Die Atmosphäre im Raum war erstickend. Alle starrten sie auffordernd an und warteten gebannt auf die versprochene Erklärung. Nervös blickte Amy von einem zum anderen. Ausgehend von den Gesichtsausdrücken, glaubte sie nicht, dass man für ihre Beweggründe, das notwendige Verständnis aufbringen konnte. Allesamt waren die Anwesenden zu alt, um sich an das wilde Gefühl erinnern zu können, dass die erste Liebe in einem Teenager auslöste. Wie wahnsinnig wichtig es war, den richtigen Eindruck bei seinem Schwarm zu machen. Dass es nur darauf ankam, dass Image zu wahren, da es das Einzige war, woran man untereinander gemessen wurde. Mit vierzehn Jahren zeigten sich die Mitschüler unbeeindruckt, wenn man gut in Mathe oder Latein war. Ein guter Schüler zu sein, war eher ein Handicap. Wollte man beim anderen Geschlecht Eindruck schinden, durfte man nicht zu angepasst sein. Man durfte durchaus ein schlechter Schüler sein, allerdings kein Dummkopf. Es gab diesen feinen Grad zwischen cool sein und Freak. Streber waren immer geächtet. Keiner wollte etwas mit ihnen zu tun haben. Jemand wie Lukas, dem es gelang die eigentliche Intelligenz dadurch hervorzuheben, dass er gezielt sitzenblieb; der war cool.

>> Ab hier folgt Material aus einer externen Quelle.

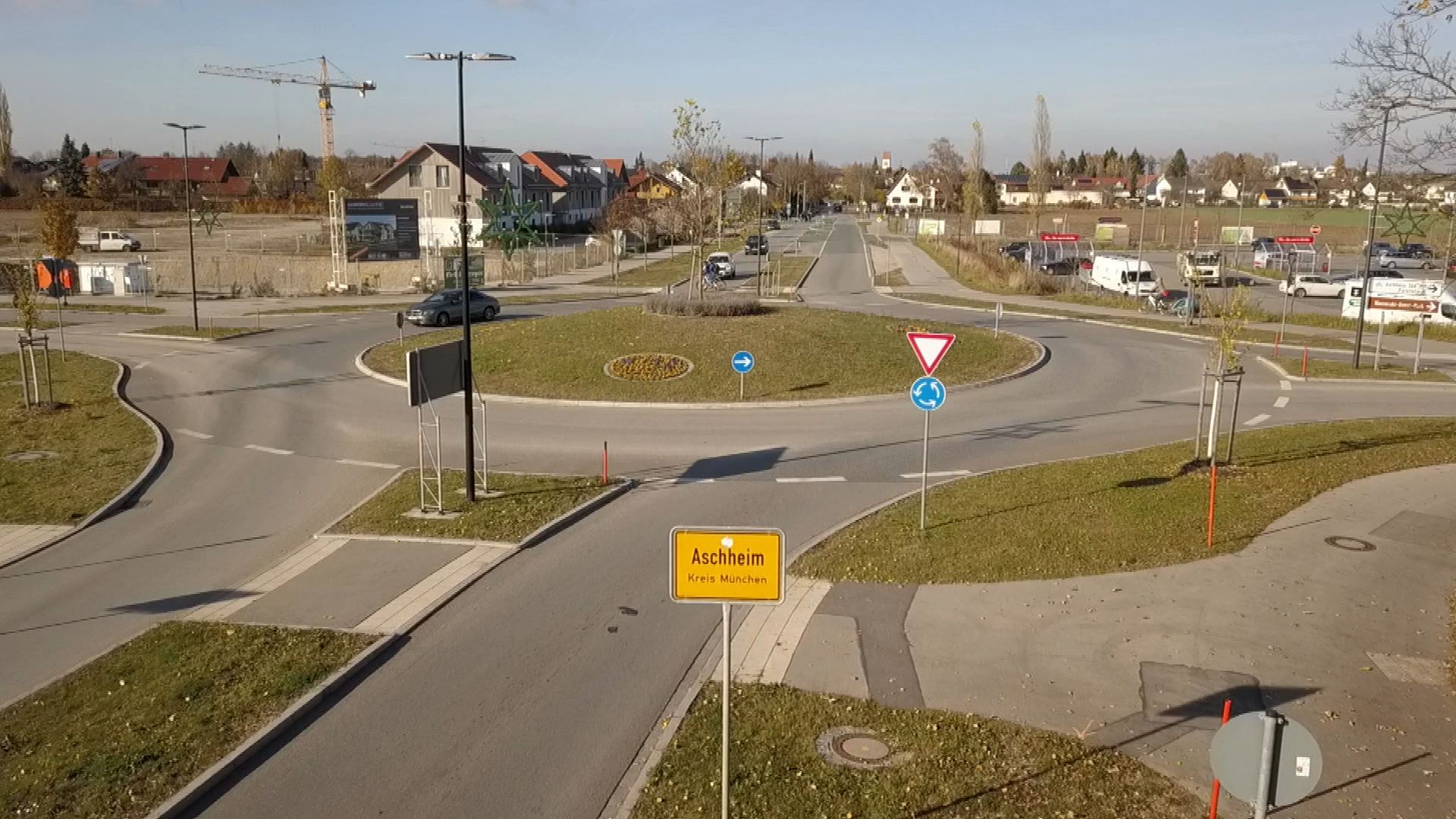 Das Ortsschild von Aschheim steht vor einem Verkehrskreisel. | BR/Mathias Flasskamp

Es gehört eine Menge Mut dazu seinen alten Klassenverband zu verlassen und in einem anderen Jahrgang einzusteigen. Offensichtlich war Lukas auf Freundschaften in diesem neuen sozialen Umfeld aus. Freundschaften, die er nicht hätte eingehen können, wenn er in einer höheren Stufe blieb. Er hatte sich dieses Martyrium nur angetan, um mit ihr zusammen zu sein. Amy war sich dieser Ehre bewusst und wusste sein Opfer zu schätzen. Aus diesem Grunde war es ihr unmöglich ihren bisherigen angepassten Kurs beizubehalten. Sie musste sich seiner würdig erweisen und ihm zeigen, dass sie auf einer Wellenlänge lagen. Leider war dies nur dadurch möglich, wenn sie sich entgegen ihrem eigentlichen Charakter verhielt.

Doch wie sollte sie so komplexe Zusammenhänge, einem Haufen alter Leute begreiflich machen? Es war davon auszugehen, dass sie es nicht verstanden. Amy war verzweifelt.

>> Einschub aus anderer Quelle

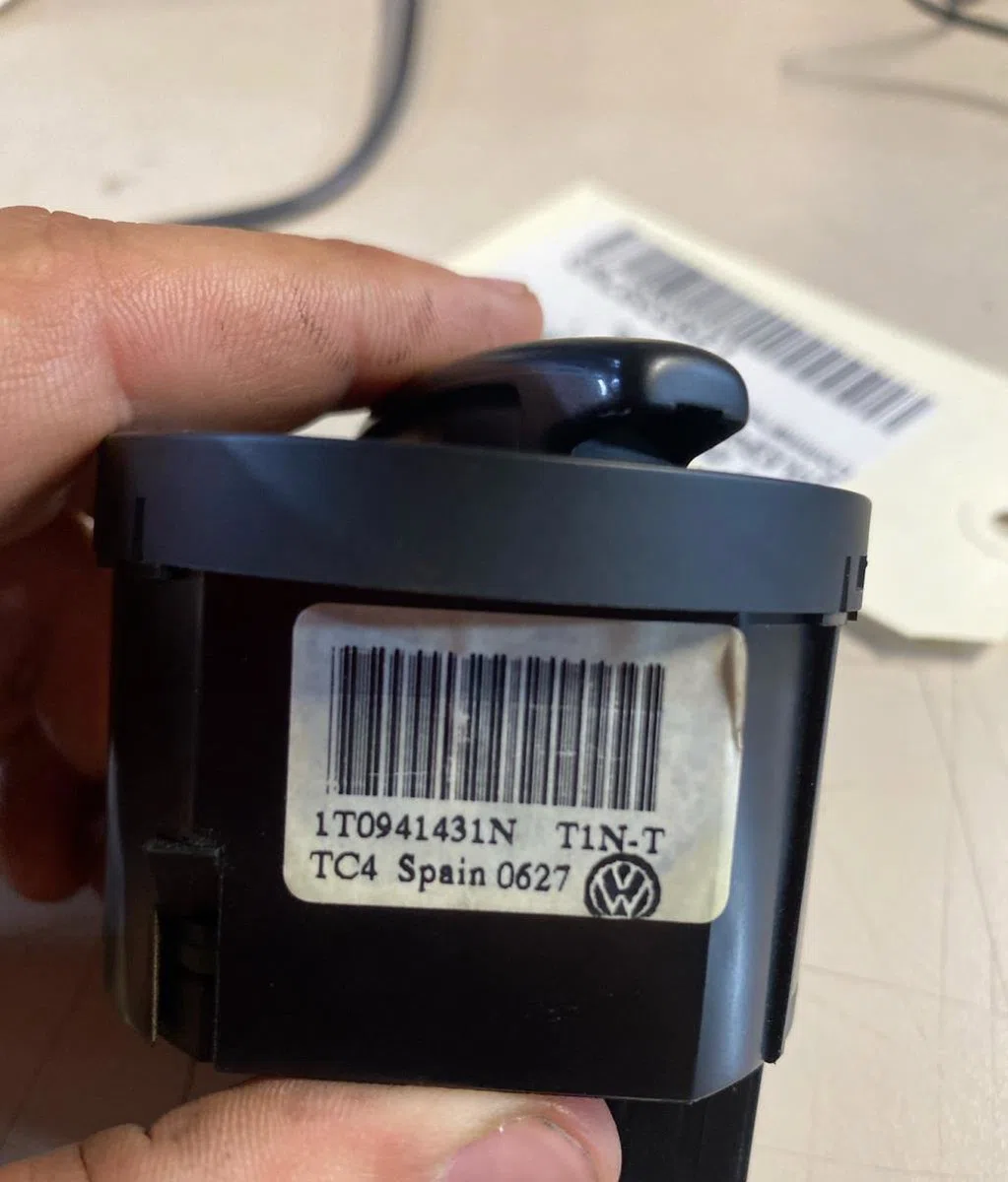 Interrupteur commande de phares VOLKSWAGEN TOURAN 1 PHASE 2 occasion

Es war nicht so, dass sie sich nicht erklären konnte, es war nur so, dass alte Menschen nichts von Liebe verstanden. Vor allem ihre Mutter würde keinerlei Verständnis dafür aufbringen.

Ohne Lukas zu kennen, würde sie ihn verurteilen. Ihn automatisch als „faule Frucht“ abstempeln, wenn sie hörte, dass er ein Wiederholer war. Ihre Mutter hatte merkwürdige und altmodische Ansichten über das Schulleben.

Amys britischer Vater war in der Beziehung lockerer, da er nie eine Schule in Deutschland besucht hatte. Ihm fehlte einfach die Vergleichsmöglichkeit. Seine einzige Verbindung zum Deutschen Schulsystem erlebte er über seine Töchter. Und dennoch blieb es für ihn ein Buch mit sieben Siegeln. Alles was mit der Schule zu tun hatte, blieb für ihn unverständlich und undurchsichtig. Amy wusste nicht, ob es daran lag, dass er sich keine besondere Mühe gab das deutsche System zu verstehen, oder da er damals in England auf eine reine Jungenschule gegangen war. So viel wie sie wusste, gab es sitzen bleiben in Großbritannien überhaupt nicht. Aus diesem Grund war es für ihren Vater zu so unverständlicher zu begreifen, welches große Opfer Lukas ihretwegen gebracht hatte.

Amy blickte sich erneut um und sah die auffordernden Blicke.

Sie fühlte sich in die Enge gedrängt.

Egal was sie sagte, es würde falsch ausgelegt werden. Niemand würde nachvollziehen können und billigen, was sie aus Liebe zu Lukas getan hatte. Also entschloss sie sich für das einzig sinnvolle, sie verbog die Wahrheit.

„Wir warten immer noch auf deine Erklärung, junge Dame!“, erinnerte die Rektorin daran, dass die Zeit mit Schweigen vergeudet, wurde.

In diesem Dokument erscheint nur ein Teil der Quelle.